AT&T’s New Privacy Policy Codifies Snooping

AT&T: Your world delivered. To the NSA.They’ve updated their policy to give them every legal right to hand your data and phone records over to the government goons without a warrant (via Boing Boing):

The new policy says that AT&T — not customers — owns customers’ confidential info and can use it “to protect its legitimate business interests, safeguard others, or respond to legal process.” The policy also indicates that AT&T will track the viewing habits of customers of its new video service — something that cable and satellite providers are prohibited from doing.

Moreover, AT&T (formerly known as SBC) is requiring customers to agree to its updated privacy policy as a condition for service — a new move that legal experts say will reduce customers’ recourse for any future data sharing with government authorities or others.

The company’s policy overhaul follows recent reports that AT&T was one of several leading telecom providers that allowed the National Security Agency warrantless access to its voice and data networks as part of the Bush administration’s war on terror.

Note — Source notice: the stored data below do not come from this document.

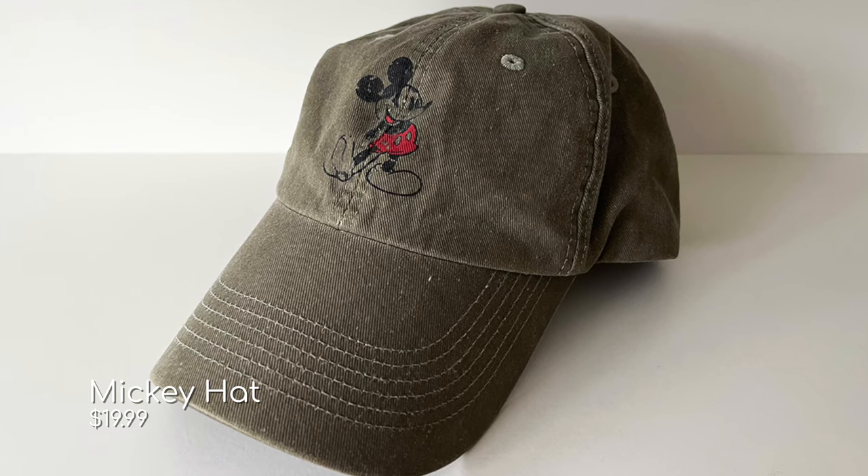The next thing I suggest bringing is a sun hat. You definitely want a hat to protect you from the sun. Another reason I like to bring a hat is that if it starts raining, I usually put this on and it keeps the rain away from my face and protects my hair.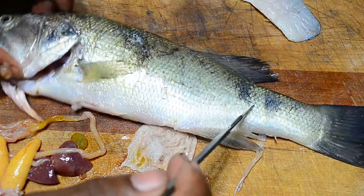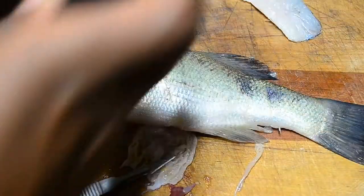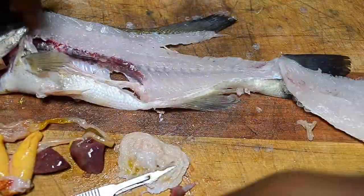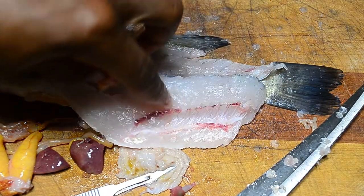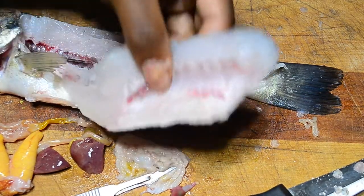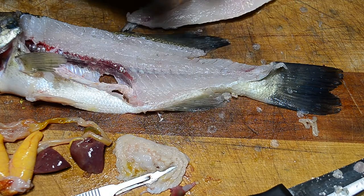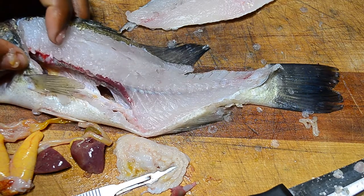Let's flip this over and fillet it. I filleted that horribly — I still got the ribs in there, this knife is not that sharp. But it looks like this side has fewer parasites than the other side.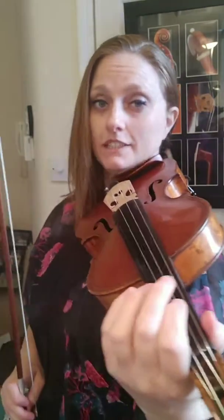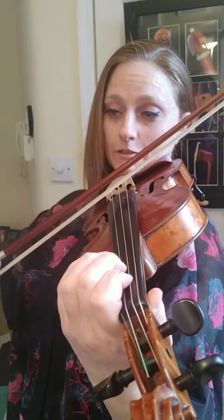Hi! We're now going to do F major, one octave, scale and arpeggios, starting with our separate bows. Ready, steady, let's play.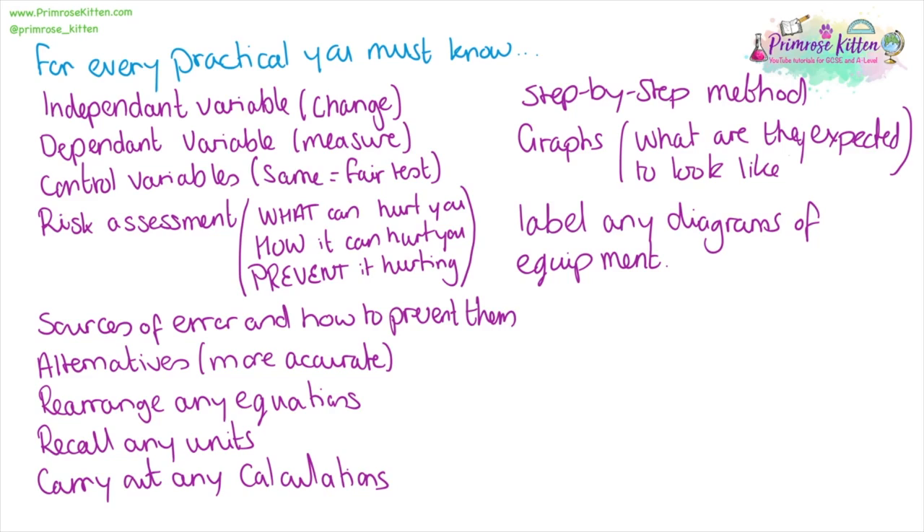Our risk assessment revolves around using hot water, using glass beakers, and the use of electricity — either with the kettle, the temperature probe, or any laptops or computers connected to it. I showed you alternatives and discussed the difference between using thermometers and data probes, showed you the methods, graphs, and equipment for this practical.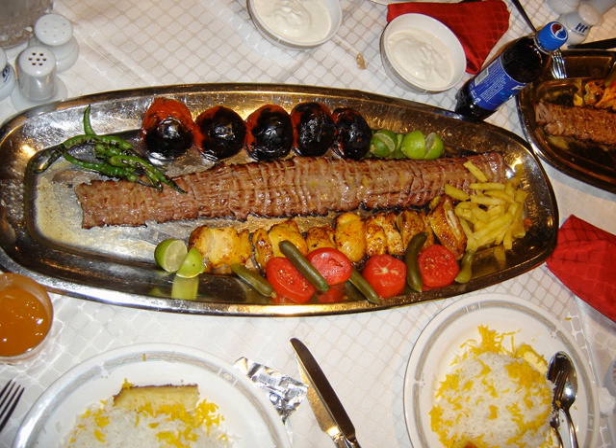Kebab-e-Barg is a Persian-style barbecued and marinated lamb, chicken, or beef kebab dish. The main ingredients of kebab-e-barg are fillets of beef tenderloin, lamb shank, and less commonly chicken, along with onions and olive oil.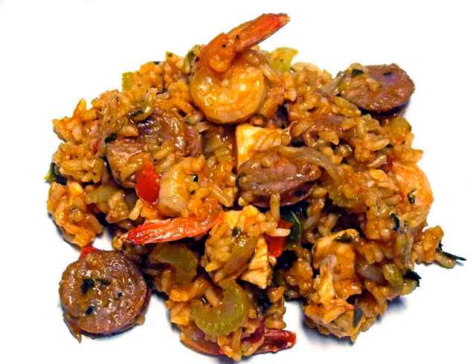Creole jambalaya originates from the French Quarter of New Orleans, in the original European sector. It was an attempt by the Spanish to make paella in the New World, where saffron was not readily available due to import costs. Tomatoes became the substitute for saffron. As time went on, French influence became strong in New Orleans, and spices from the Caribbean changed this New World paella into a unique dish. In modern Louisiana, the dish has evolved along a variety of different lines. Creole jambalaya, or red jambalaya, is found primarily in and around New Orleans, where it is simply known as jambalaya. Creole jambalaya includes tomatoes, whereas Cajun jambalaya does not.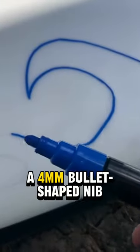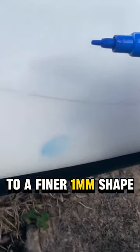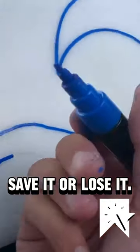3. Surf Paints feature a 4mm bullet-shaped nib that can be reversed to a finer 1mm shape. Save it or lose it.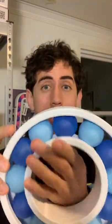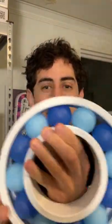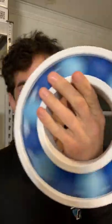This is a ping pong ball bearing. Let's print another one of these, because why not? Maybe we'll do a different color scheme next time. Who knows?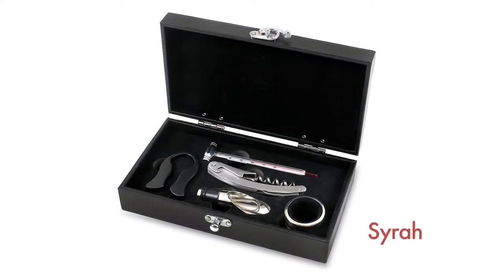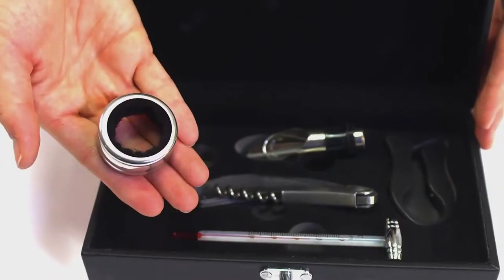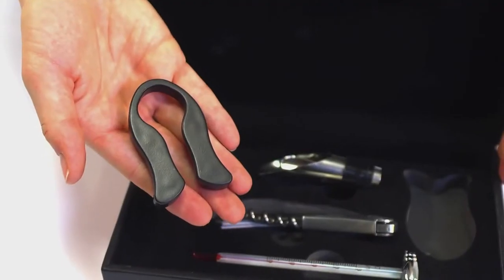The Syrah by Picnic Time is a five-piece box set of wine accessories. It includes a stainless steel corkscrew, a drip ring, a foil cutter, and a pour-a-bottle stopper combo.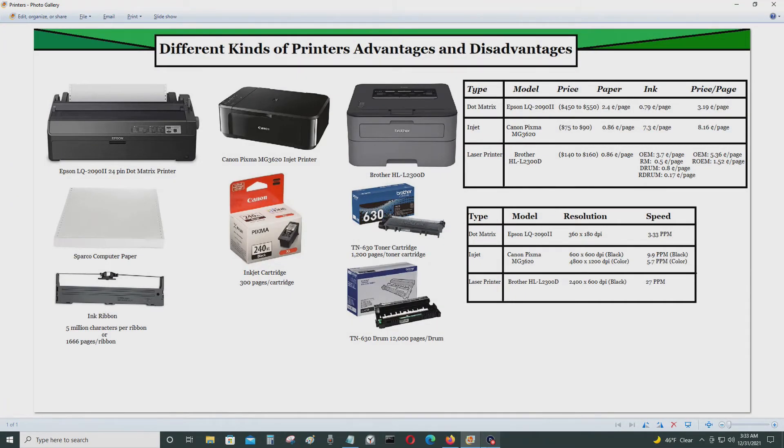In today's video I'll be talking about different kinds of printers and various advantages and disadvantages for each — pros and cons for various types of printers.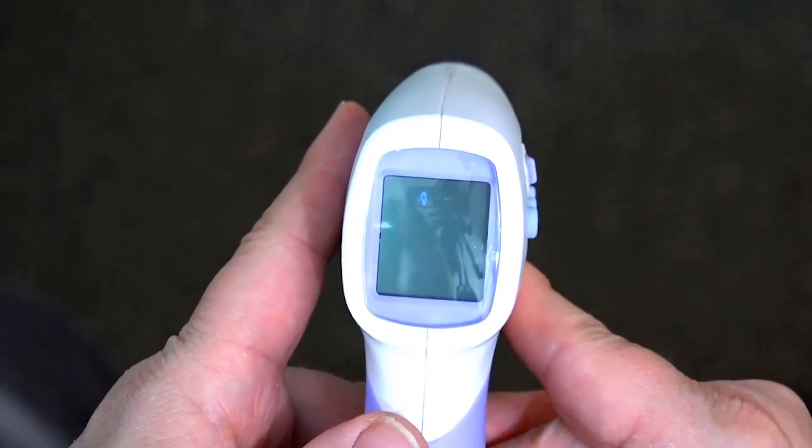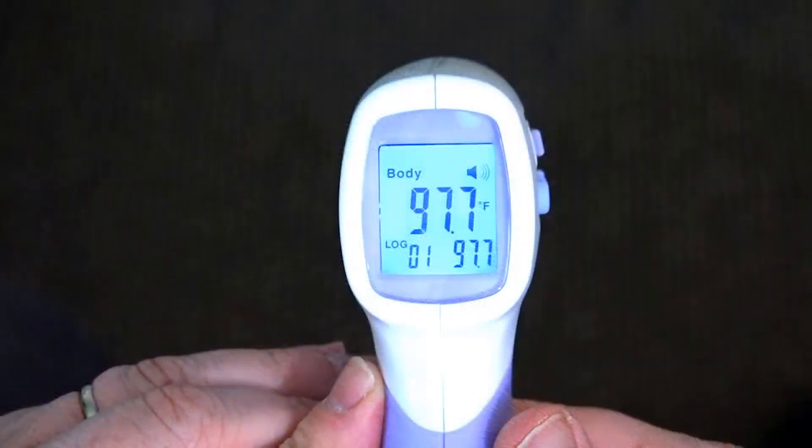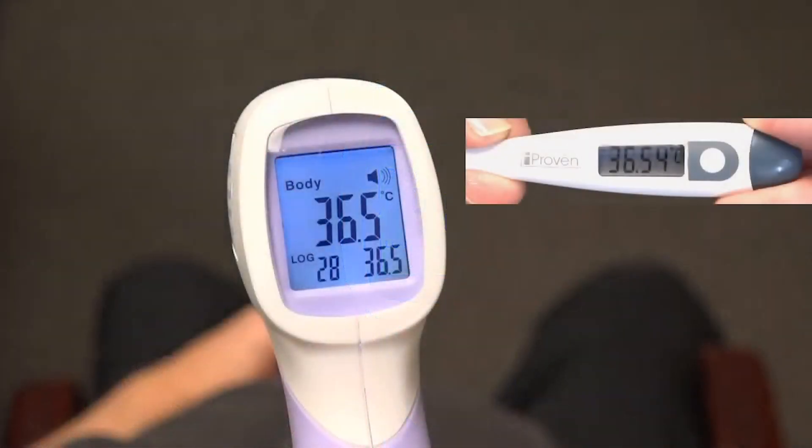Test the non-contact forehead infrared thermometer on the same person once again. The calibrated device shows a temperature within 1.5 degrees Fahrenheit of the clinical reference thermometer. The device is now calibrated and ready for use.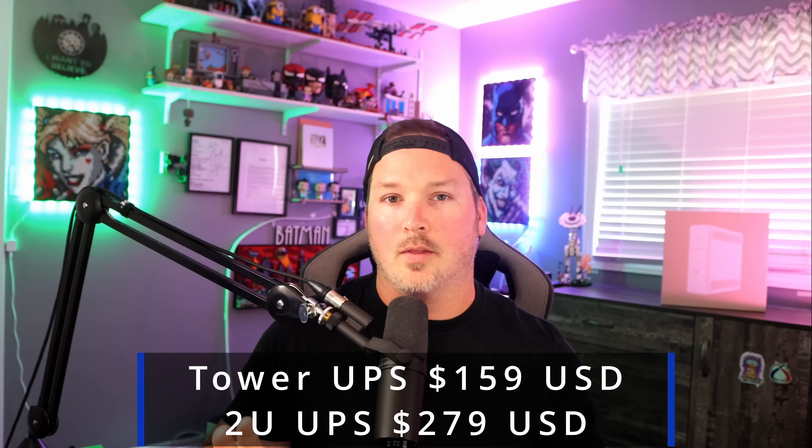You can see behind me that I have a Tower UPS from Ubiquiti, but they are also coming out with a 2U later on this month. I don't have final pricing yet, but there will be an overlay on this screen for the Tower and the 2U UPS. This is something that has been missing from the Ubiquiti lineup, and I'm really excited to see where it goes. So let's go downstairs, get this opened up, and take a look at the UPS Tower.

It’s pretty sad that they care so little about their customers (I’m one of them) and the public image of aiding big brother in spying on us that they’ve made this kind of bold move. From a business standpoint, this is bound to hit their bottom line as conscientious customers head for the door. Then again, the NSA might be paying them for all this information.

Sadly, even if the Electronic Frontier Foundation wins their lawsuit, it won’t mean much going forward.

  1. Stephen wrote: “I’m one of them”

    Don’t you mean you WERE one of them? What’s holding you back from switching?

  2. I won’t do business with AT&T, and I won’t do business with Verizon. Fortunately in much of New Hampshire, you don’t have to use Verizon or AT&T. (I currently have this company now, and the service is great.)

  3. Yup… but what’s to stop them from paying verizon, cingular, etc etc.

    The alternatives will also get bought out by the government… and the hold outs will not be allowed to use their networks and thus cost shitloads of money.

    Such bullshit

  4. jnice: It’s part of the rent and my roommate chooses to use SBC/Yahoo because they are cheap ($15/mo). I wouldn’t be surprised if the carriers also passed similar new TOS papers to those who buy access to their leased lines, anyways.

    The flip side is that I only use VOIP for my calls (Skype), and I highly doubt the NSA has the capabilities to mine the vast amount of internet data that AT&T has access to.

    If I wanted to surf anonymously anyways, I could just walk to the coffee shop and use their wireless.

  5. Doubt not. I could probably mine the vast amount of Internet data that AT&T has access to, if I had access to their backbone. And we’re pretty sure at this point that NSA is plugged right into AT&T’s backbone at certain critical points.

  6. The truth is that anything that is sent in any form can be intercepted by someone, and in many cases is done by either NSA/CIA/FBI or ATT, etc. Bottom line: we’re not safe, period. It doesn’t matter if you have anything to hide or not, someone is spying on you no matter what.

  7. boycotts and service switching does nothing to change policy unless the AT&T is informed as to WHY you discontinue service. Write those letters, people!

  8. Why not have a web site which sends an automated letter to AT&T with your account information instructing them to discontinue service? The site can get your authorization to act as your registered agent.

    It can also benefit another carrier who pledges not to share your information.

    The letter can say “Dear AT&T, such and such web site as my agent hereby instructs you that your service contract with me is terminated due to your anti-privacy policies. I am switching to New Telecom Provider because of your egregious breach of trust and my privacy.”

    A smart telecom provider would not only guarantee policy but sponsor the web site as a marketing move. 100,000 new sign-ups would be easy as pie.

  9. Steven

    The whole point is that the NSA “extra rooms” in AT&T NOCs are for DATA. Voice is handled by the FBI. And yes, I’m almost positive that there’s a RSA cracker poring over the data as well, so encryption won’t help

  10. Of course there’s always encryption.

    But I admit I’m too lazy to deal with coordinating it.